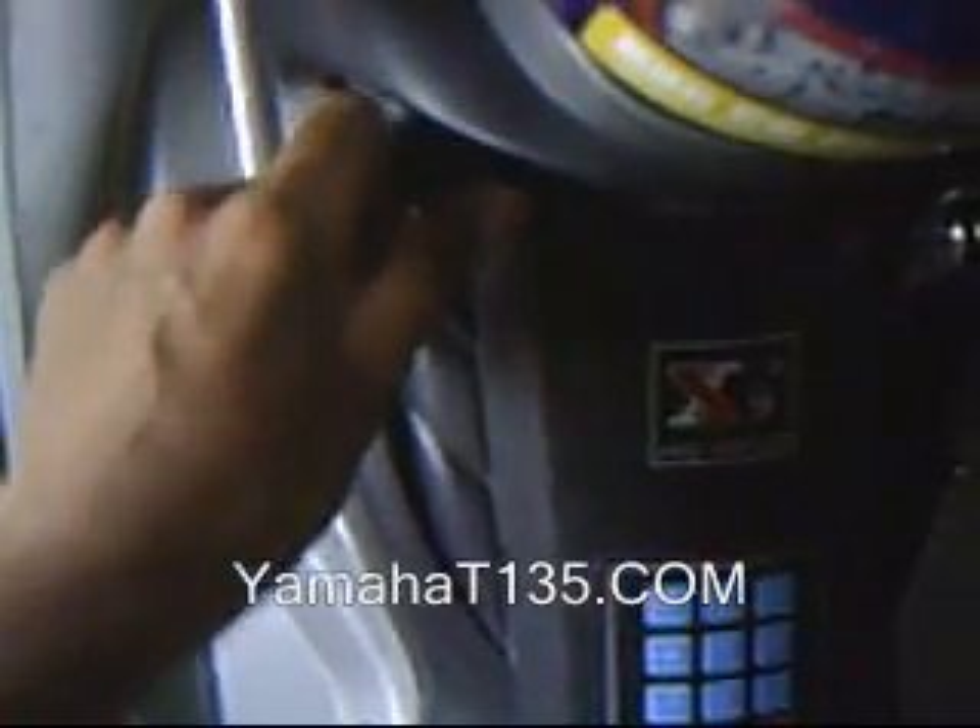If the switch is off, you can't open the seat. So let's turn it on. Now it's on. To open the seat, all you need is to push this button.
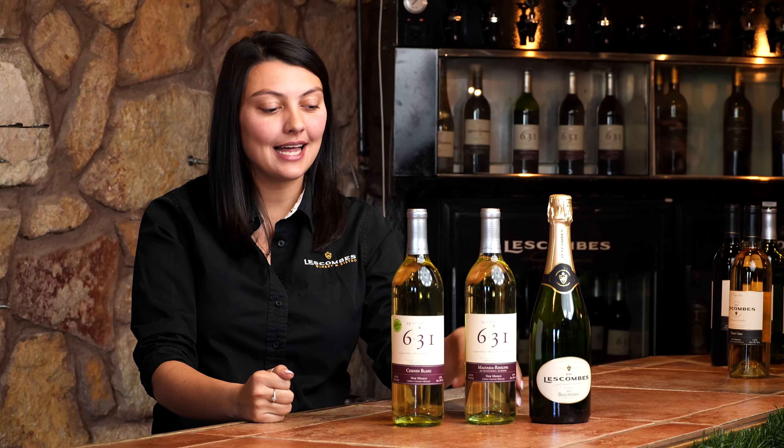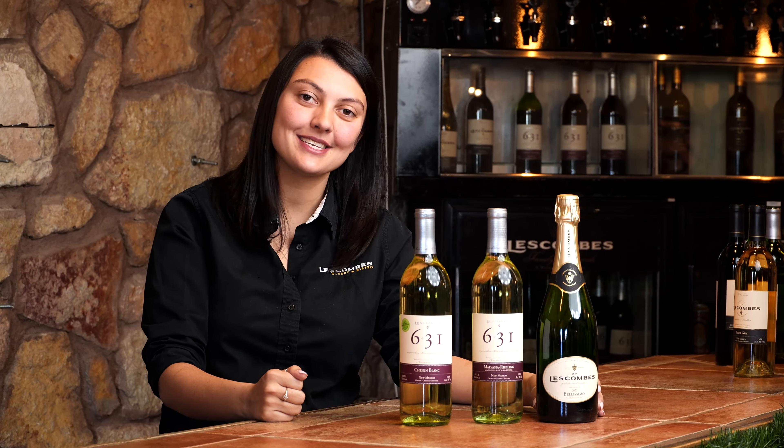You're going to start this wine flight with our Chien en Blanc. Your second glass is going to be our Malvésia Riesling, and you're going to finish with our sparkling Bellissimo.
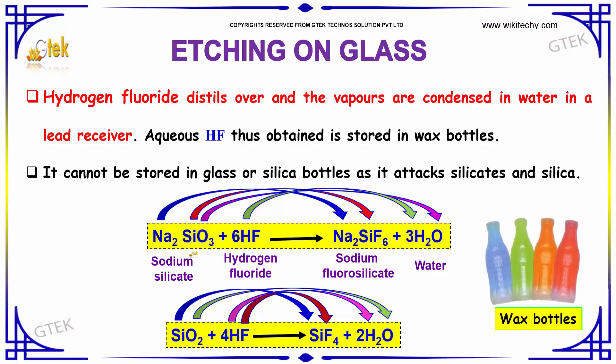Sodium silicate with hydrogen fluoride forms sodium fluorosilicate and water. You are able to see silica (SiO₂) with hydrogen fluoride — it becomes silicon fluoride and water.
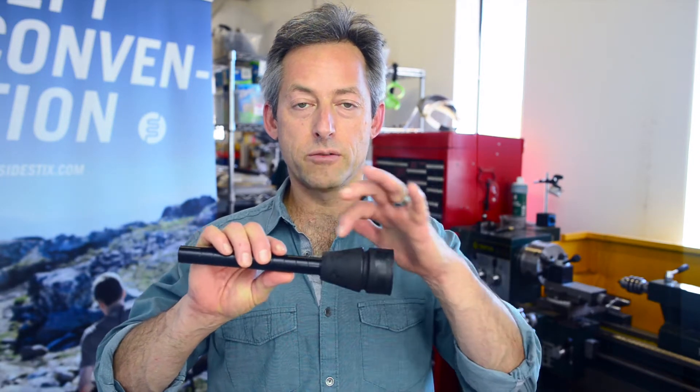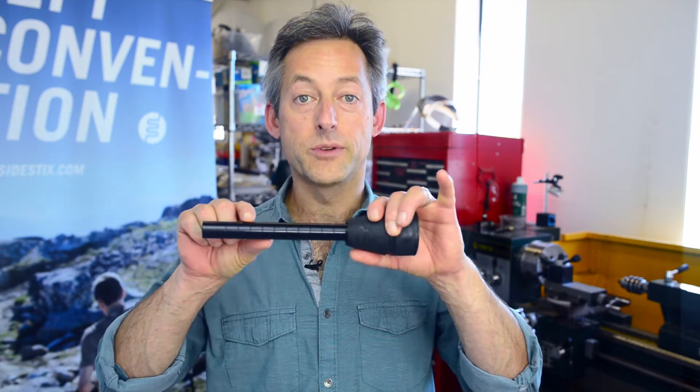Hi, my name is Kareth. I'm from Side Sticks and today I'm going to show you how to take a rubber tip off the aluminum tip adapter.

Required work
Quote the material word for word, dropping any images it holds.

Result of the task
If the switch is off, you can't open the seat. So let's turn it on. Now it's on. To open the seat, all you need is to push this button.
You're going to start this wine flight with our Chien en Blanc. Your second glass is going to be our Malvésia Riesling, and you're going to finish with our sparkling Bellissimo.
Sodium silicate with hydrogen fluoride forms sodium fluorosilicate and water. You are able to see silica (SiO₂) with hydrogen fluoride — it becomes silicon fluoride and water.
Hi, my name is Kareth. I'm from Side Sticks and today I'm going to show you how to take a rubber tip off the aluminum tip adapter.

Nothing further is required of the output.